No Registro Policial nº 2274386, ao qual o Metrópoles teve acesso, Raimundo narra que alguém falsificou sua assinatura e usou mais de R$ 4 mil para adquirir produtos em um mercado do município goiano, situado a cerca de 100km de Brasília. Entre os itens, havia uísque e cerveja. Segundo o jovem, apenas ele, o bispo dom José Ronaldo, e o secretário da cúria, Guilherme Frederico Magalhães – também alvo da Caifás –, tinham a senha do cartão e o número de um código para validar as transações nos estabelecimentos.
“Gastaram R$ 4 mil em janeiro (de 2017) com compras que não foram feitas para a Igreja”, disse Raimundo, em depoimento. O caso foi tipificado como estelionato, crime previsto no artigo 171 do Código Penal Brasileiro (CBP). Nove dias depois, o “filho” do bispo voltou à unidade policial e pediu a retirada da queixa. Ao justificar a decisão, alegou que, “por trabalhar na instituição”, prefere “evitar qualquer tipo de escândalo”.
Apesar de Raimundo ter voltado atrás, o inquérito avançou. Fontes ligadas à Igreja contaram que dom José Ronaldo ficou furioso com a denúncia feita por um de seus protegidos. Ele teria coagido o rapaz a desmentir seu próprio depoimento à polícia, mas como a investigação permaneceu em curso, o líder da Diocese de Formosa demitiu o jovem do emprego e o expulsou da cidade.
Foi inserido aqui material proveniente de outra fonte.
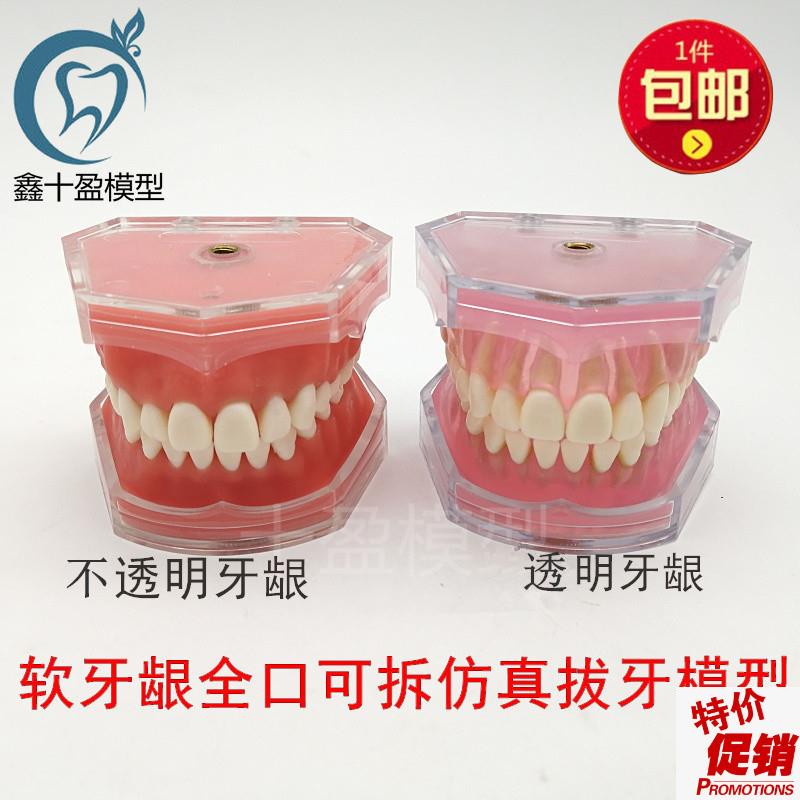 牙科模型口腔科教学模型练w习拔牙模型拆卸牙齿软牙龈全口可拔
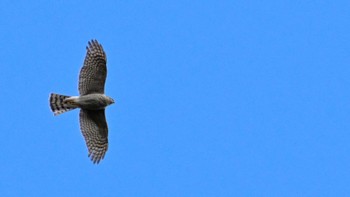 ハイタカ 馬見丘陵公園 2024年3月2日(土)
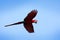 Bird in flight. Action wildlife scene from South America. Red big parrot in fly. Red-and-green Macaw, Ara chloroptera, in the dark
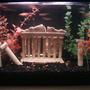 fish tank picture - Better picture of the tank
A diligência foi remetida para a Subdelegacia de Cabeceiras (GO), distante 140km do DF. Conforme informou a unidade policial, todas as partes foram ouvidas, o inquérito concluído e enviado ao Ministério Público de Goiás (MPGO) em 21 de março deste ano. O promotor responsável pelas investigações da Caifás, Douglas Chegury, disse esperar que o documento chegue até suas mãos para que ele possa “analisar se será oferecida denúncia contra o responsável indiciado pela Polícia Civil”.
Os investigadores querem saber quem falsificou a assinatura de Raimundo. Segundo contou um policial, pairam suspeitas sobre dom José Ronaldo. “O bispo controlava a senha e o código. É possível que ele tenha usado as informações para comprar itens estranhos à Igreja. Caso alguém descobrisse o esquema, ele ficaria isento, pois não teria nada de anormal registrado em nome dele”, disse a fonte, sob condição de anonimato.
Operação Caifás
O bispo e outros religiosos foram detidos em 19 de março, no âmbito da Operação Caifás, deflagrada pelo Ministério Público de Goiás, com o apoio da Polícia Civil do estado. Entre os encarcerados, estão o monsenhor Epitácio Cardoso, além dos padres Moacyr Santana e Mário Vieira de Brito. Os advogados deles já impetraram habeas corpus em várias instâncias da Justiça, mas tiveram todos os pedidos negados até a última atualização deste texto.